◆ **ASSIGNED TASK**
Where does the word "zwart" show up in the records? Copy every line that holds it.

Dataset items:
"""

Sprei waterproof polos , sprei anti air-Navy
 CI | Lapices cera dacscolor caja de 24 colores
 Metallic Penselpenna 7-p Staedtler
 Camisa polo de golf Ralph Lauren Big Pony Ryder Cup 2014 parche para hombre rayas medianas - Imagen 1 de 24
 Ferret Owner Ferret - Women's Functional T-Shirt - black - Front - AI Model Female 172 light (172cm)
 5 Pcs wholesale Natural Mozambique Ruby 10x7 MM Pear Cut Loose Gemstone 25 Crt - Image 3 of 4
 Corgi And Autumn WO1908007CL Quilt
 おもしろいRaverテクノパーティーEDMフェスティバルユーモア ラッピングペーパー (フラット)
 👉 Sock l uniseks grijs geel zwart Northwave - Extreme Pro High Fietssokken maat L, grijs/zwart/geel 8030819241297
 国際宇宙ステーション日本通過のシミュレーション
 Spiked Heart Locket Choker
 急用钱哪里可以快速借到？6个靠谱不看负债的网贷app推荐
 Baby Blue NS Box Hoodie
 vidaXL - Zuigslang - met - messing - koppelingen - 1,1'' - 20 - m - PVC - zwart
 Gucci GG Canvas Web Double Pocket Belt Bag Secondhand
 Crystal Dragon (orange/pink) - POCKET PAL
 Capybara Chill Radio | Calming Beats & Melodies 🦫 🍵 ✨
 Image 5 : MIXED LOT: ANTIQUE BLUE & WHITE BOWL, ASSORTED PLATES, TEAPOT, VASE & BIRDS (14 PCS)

"""

◆ **FINAL ANSWER**
 👉 Sock l uniseks grijs geel zwart Northwave - Extreme Pro High Fietssokken maat L, grijs/zwart/geel 8030819241297
 vidaXL - Zuigslang - met - messing - koppelingen - 1,1'' - 20 - m - PVC - zwart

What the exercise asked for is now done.